┌──

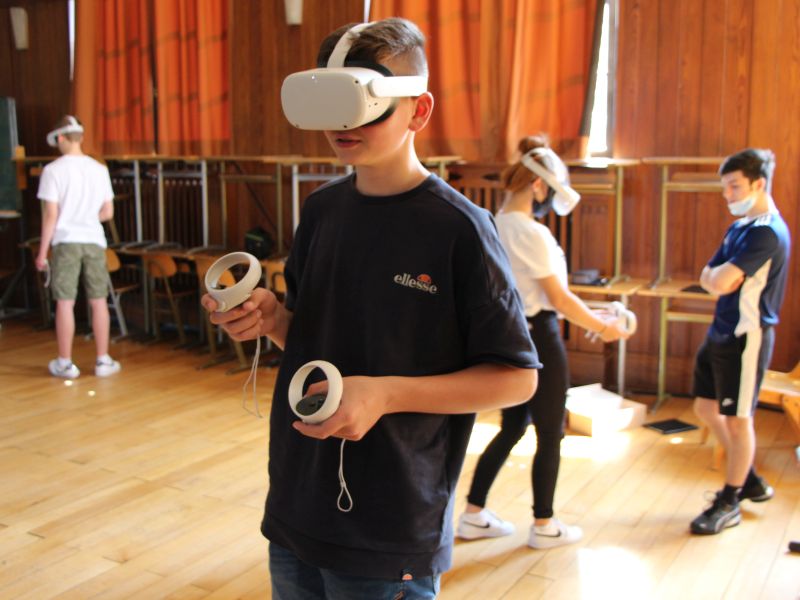 You are currently viewing VR-Brillen im Einsatz: Von Rüthen aus in die virtuelle Welt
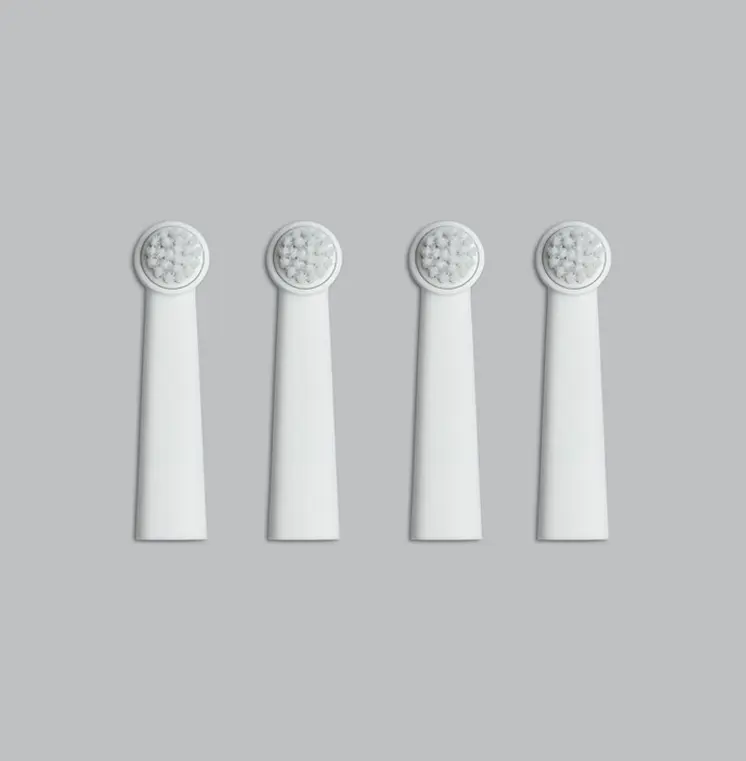 4 Bruzzoni toothbrush replacement heads (white)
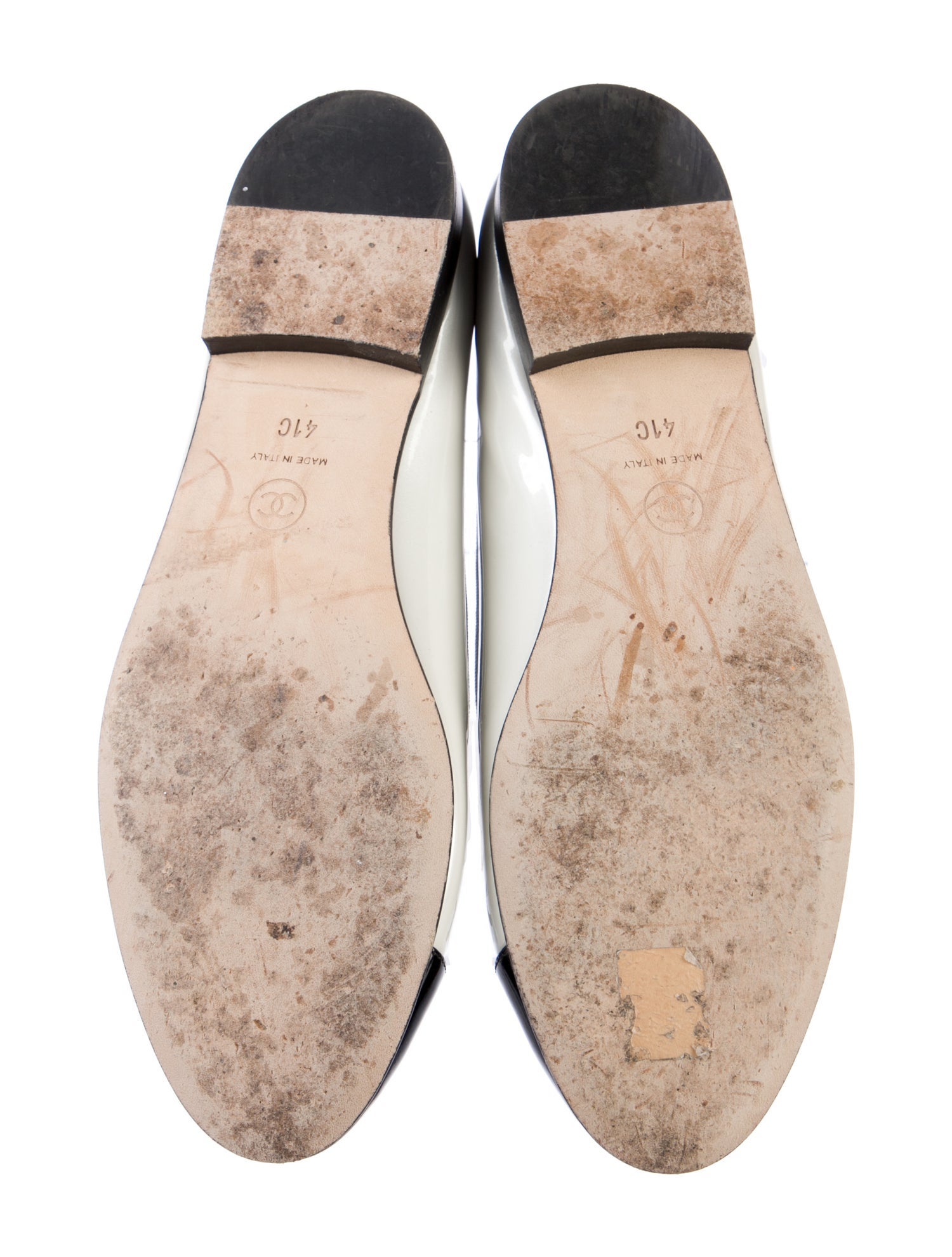 Chanel Interlocking CC Logo Patent Leather Ballet Flats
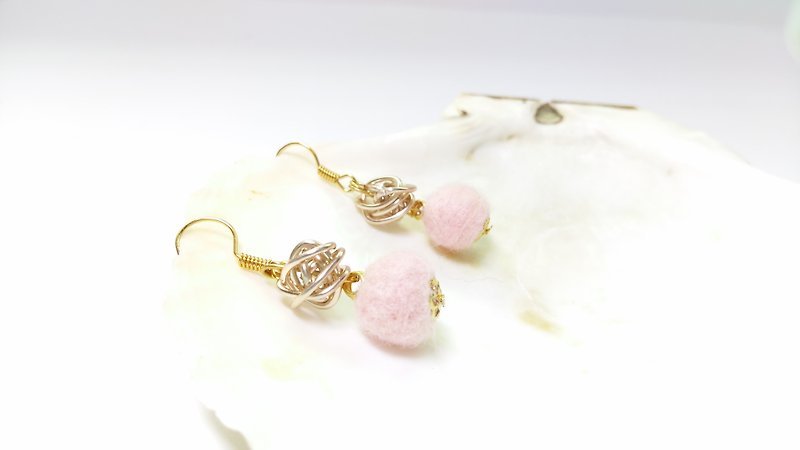 粉红佳人 金属樱色羊毛毡耳环 可改耳夹 - 耳环/耳夹 - 羊毛 粉红色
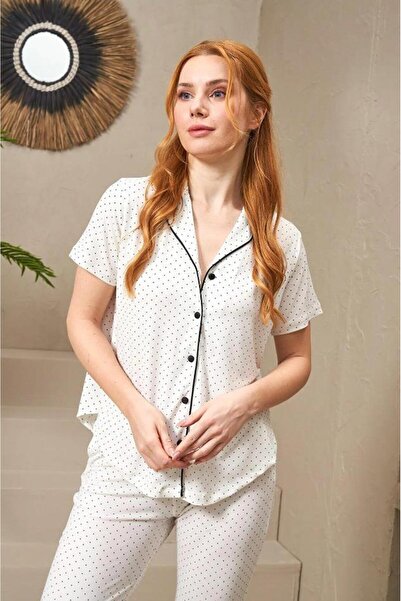 PJS 25118 Жіночий піжамний комплект з коротким рукавом та ґудзиками
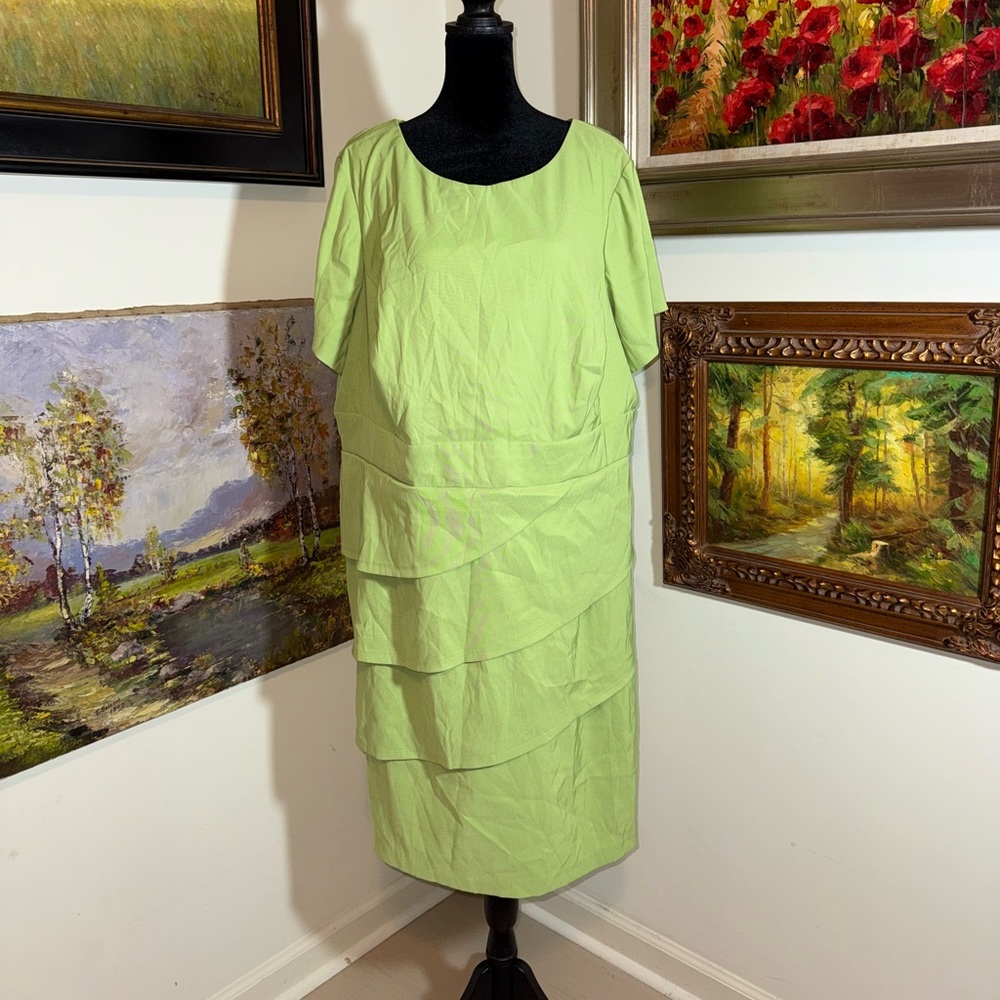 🐠 Connected Apparel Light Green Midi Dress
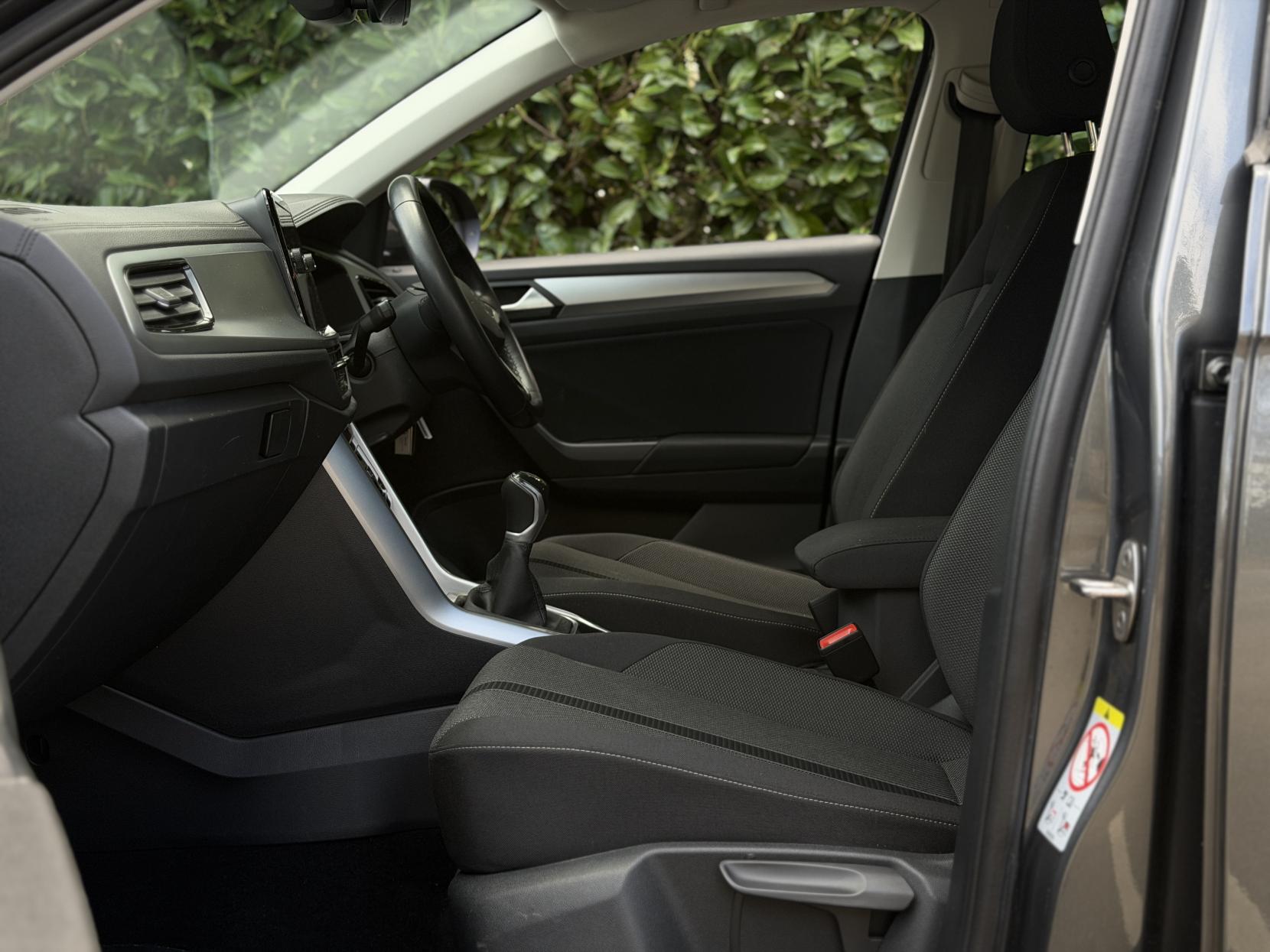 Volkswagen T-Roc 1.0 TSI Life SUV 5dr Petrol Manual Euro 6 (s/s) (110 ps)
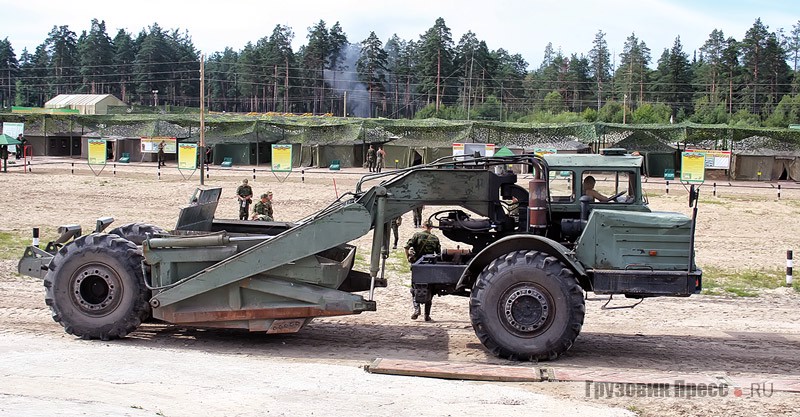 К 2000 г. в армии СНГ на вооружении состояла лишь одна модель самоходного скрепера МоАЗ-6014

└──

**Problem description**
The pictures alone are to be left out when the data above is copied; all else must match exactly.

**Solved problem**
 You are currently viewing VR-Brillen im Einsatz: Von Rüthen aus in die virtuelle Welt
 4 Bruzzoni toothbrush replacement heads (white)
 Chanel Interlocking CC Logo Patent Leather Ballet Flats
 粉红佳人 金属樱色羊毛毡耳环 可改耳夹 - 耳环/耳夹 - 羊毛 粉红色
 PJS 25118 Жіночий піжамний комплект з коротким рукавом та ґудзиками
 🐠 Connected Apparel Light Green Midi Dress
 Volkswagen T-Roc 1.0 TSI Life SUV 5dr Petrol Manual Euro 6 (s/s) (110 ps)
 К 2000 г. в армии СНГ на вооружении состояла лишь одна модель самоходного скрепера МоАЗ-6014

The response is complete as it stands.